Gemeente Dordrecht


---

Chileense onderzoekt verbeelding watervloeden in Dordrecht in collecties Stadsarchief en Dordrecht Museum

Vincent Brinkhof
Vrijdag 24 oktober arriveert de Chileense Josefina de la Maza Chevesich in Dordrecht. Tijdens haar verblijf van drie maanden in onze stad doet zij onderzoek naar prenten, tekeningen en schilderijen van het Stadsarchief en het Dordrechts Museum waarop watervloeden zijn afgebeeld. Het gaat om een inventarisatie van werken en studie naar de waarde van de afbeeldingen als historische bron. Ook wordt voor het publiek een overzichtstentoonstelling gemaakt van kunst over watervloeden in Dordrecht.
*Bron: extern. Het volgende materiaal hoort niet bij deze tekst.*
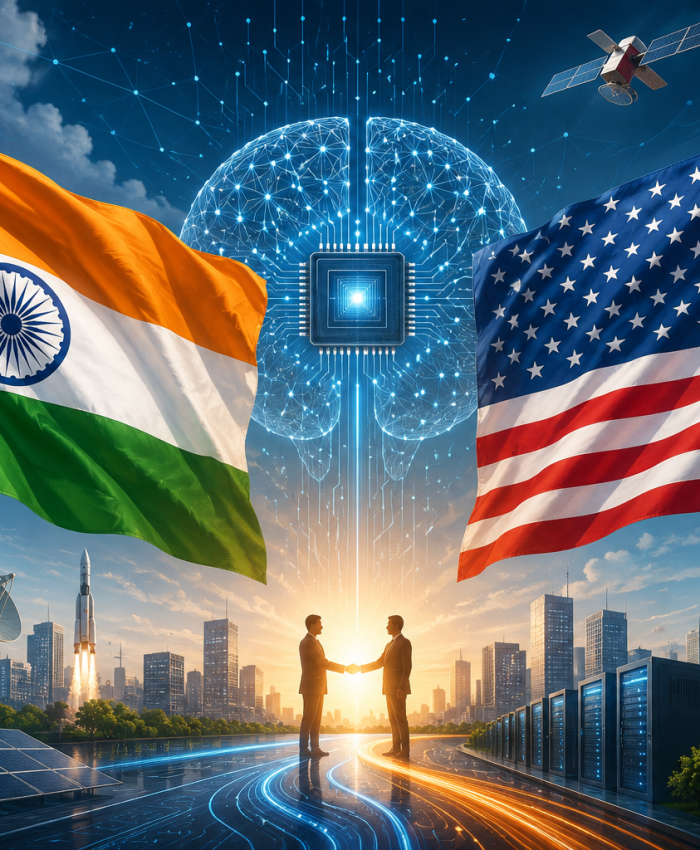 Inside the U.S. Strategy to Lead the AI Economy  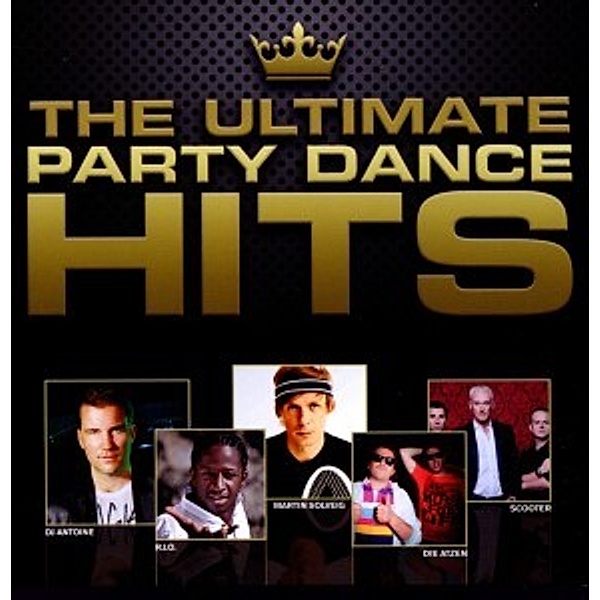 The Ultimate Party Dance Hits, Various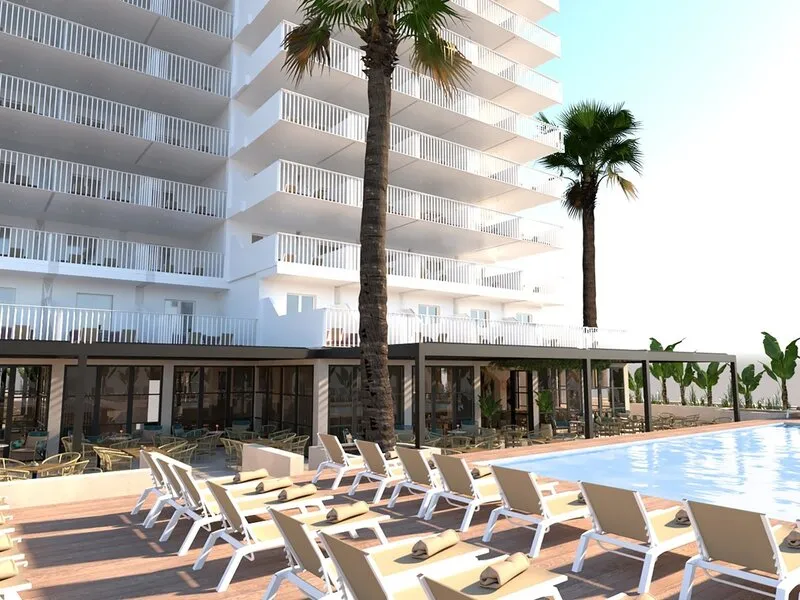 Universal Hotel Bikini · Anbieterbild von TUI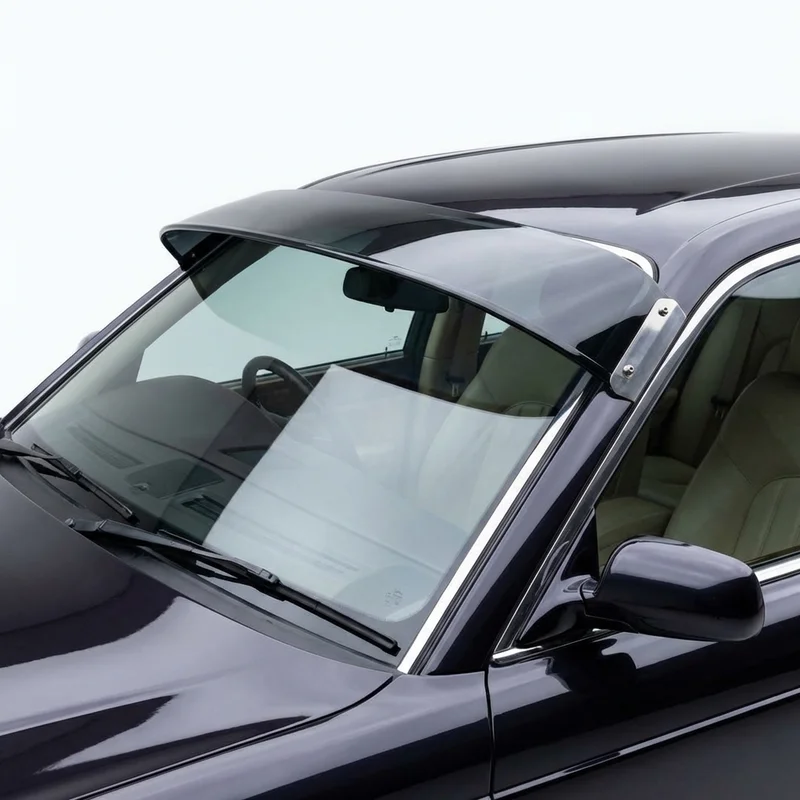 Tinted Acrylic Windscreen Sunvisor for Bentley Arnage (1999 - 2009)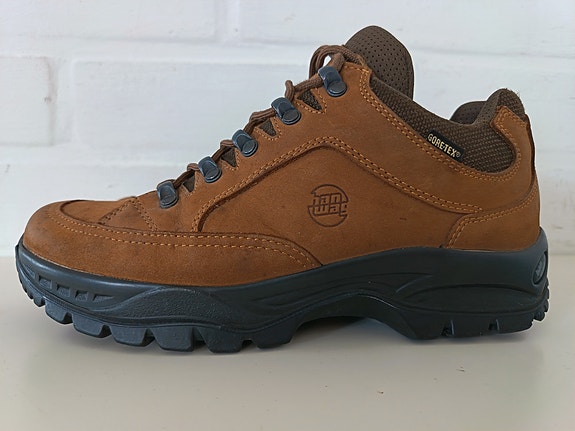 Hanwag Goretex vaelluskengät koko 39.5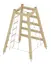 Prime Kaj klatreramme L161 x B161 x H232 cm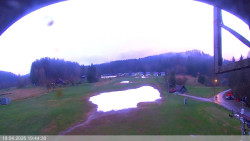 Sjezdovka Horal, Golf Club Horal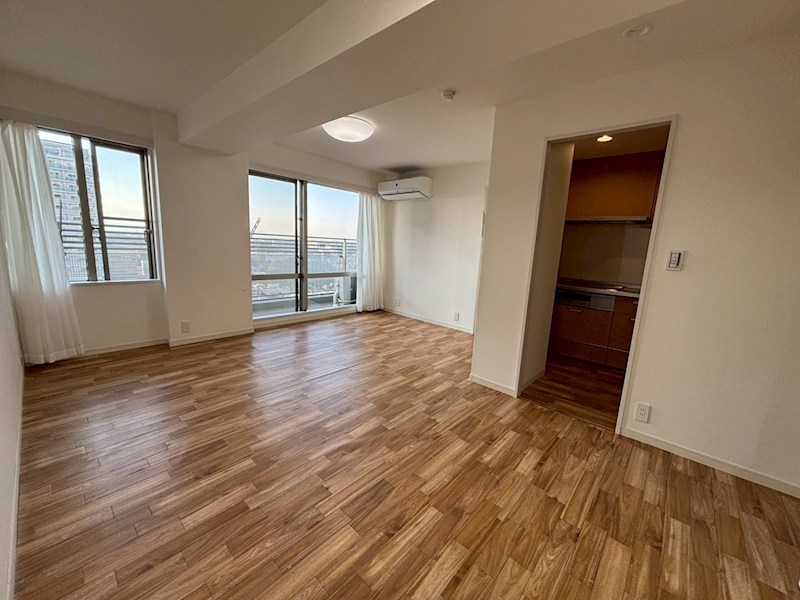 ニューシティ東戸塚タワーズシティファースト リビング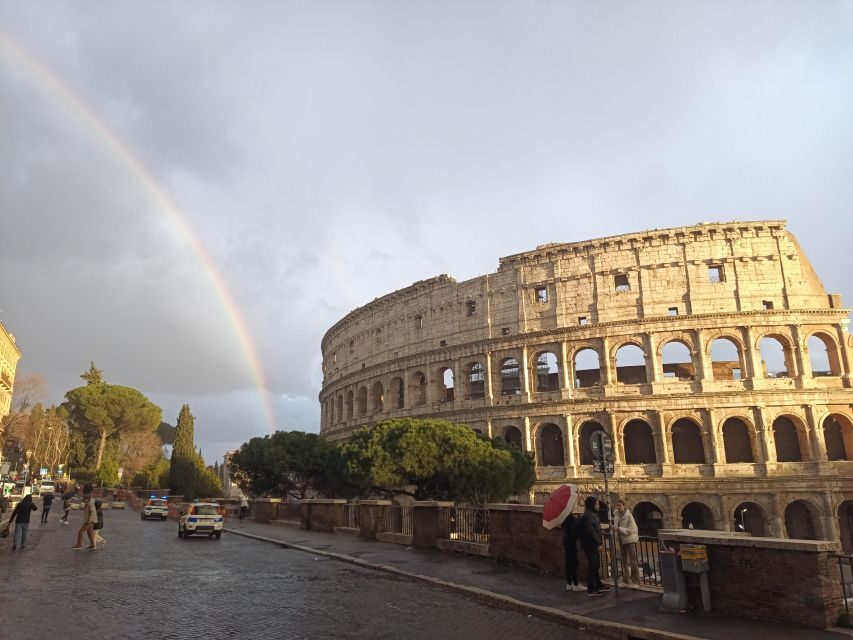 Rome: Colosseum, Palatine Hill, & Roman Forum Walking Tour - Rome’s Colosseum-Forum-Palatine combo: why this loop works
Maandag 27 oktober om 12.30 uur wordt de Chileense officieel welkom geheten in Dordrecht in de studiezaal van het Stadsarchief, Stek 13, door wethouder Cultuur J.W. Spigt, directeur van het Stadsarchief Charles Jeurgens en directeur van het Dordrechts Museum, Peter Schoon. Laatst genoemden lichten het project toe en de Chileense zal zichzelf kort introduceren.

Uw redactie is van harte welkom hierbij aanwezig te zijn. Voor een lunch is gezorgd.

Staatsbezoek
Josefina de la Maza Chevesich is na Nona Fernandez Silanes de tweede Chileense die naar Dordrecht komt. De komst van De la Maza Chevesich is eigenlijk een indirect gevolg van het staatsbezoek dat koningin Beatrix aan Chili bracht. Naar aanleiding van het staatsbezoek stelden het Dordrechts Museum en het Stadsarchief op uitnodiging van de Nederlandse ambassade in Chili de tentoonstelling `Hollandse meesters uit de Gouden Eeuw' samen. Speciaal voor de opening van de tentoonstelling in het museo de Bellas Artes reisde een Dordtse delegatie naar Santiago de Chile. Daar werden ook de studiebeurzen gepresenteerd voor het project `writers in residence' en het voor het onderzoeksproject in het Stadsarchief en het Dordrechts Museum.

Dordrecht en water
Historische gebeurtenissen zijn voor kunstenaars inspiratiebron geworden. Zo ook de rampzalige St. Elizabethsvloed. Dordrecht, de oudste stad van Holland, werd op de feestdag van Sint Elisabeth in het jaar 1421, van de ene op de andere dag een eiland. Maar liefst 500 vierkante kilometer land werd overstroomd en er ontstond een grote watermassa die de verbinding verbrak tussen het zuiden van Holland en het hertogdom Brabant. Volgens de overlevering zouden in die rampnacht maar liefst 72 dorpen uit de omgeving zijn weggevaagd. De omgeving van Dordrecht veranderde definitief. De stad was een eiland geworden waar men alleen nog per boot vanaf of naartoe kon. De grenzen van het eiland liepen aanvankelijk bijna gelijk aan de stadsmuren. Vrijwel al het achterland was door de rampnacht van 1421 verdwenen. Pas vanaf circa 1600 wist Dordrecht door middel van inpolderingen het land geleidelijk weer terug te winnen op wat de zee in 1421 had genomen.

Vanwege gebrek aan bronnenmateriaal, is niet precies bekend wat zich heeft afgespeeld. Recente archeologische opgravingen lijken langzaam wat meer duidelijkheid te verschaffen omtrent de ware omvang van de stormvloed. Dordrecht beschikt wel over een aantal afbeeldingen. De oudste bekende afbeelding dateert van ongeveer 80 jaar na de ramp en hangt tegenwoordig in het Rijksmuseum in Amsterdam. Daarnaast zijn er nog tal van afbeeldingen van later datum die de stormvloed meer of minder fantasierijk verbeelden. Werkelijkheid en fictie lopen daarin door elkaar. Het onderzoek moet helderheid geven over de historische waarde van de verbeeldingen van de watervloeden.

Selectie
Josefine de la Maza Chevesich is geselecteerd uit zes kandidaten. Zij is afgestudeerd in theorie en geschiedenis aan de Kunstfaculteit van de Universiteit van Chili en is daaraan verbonden.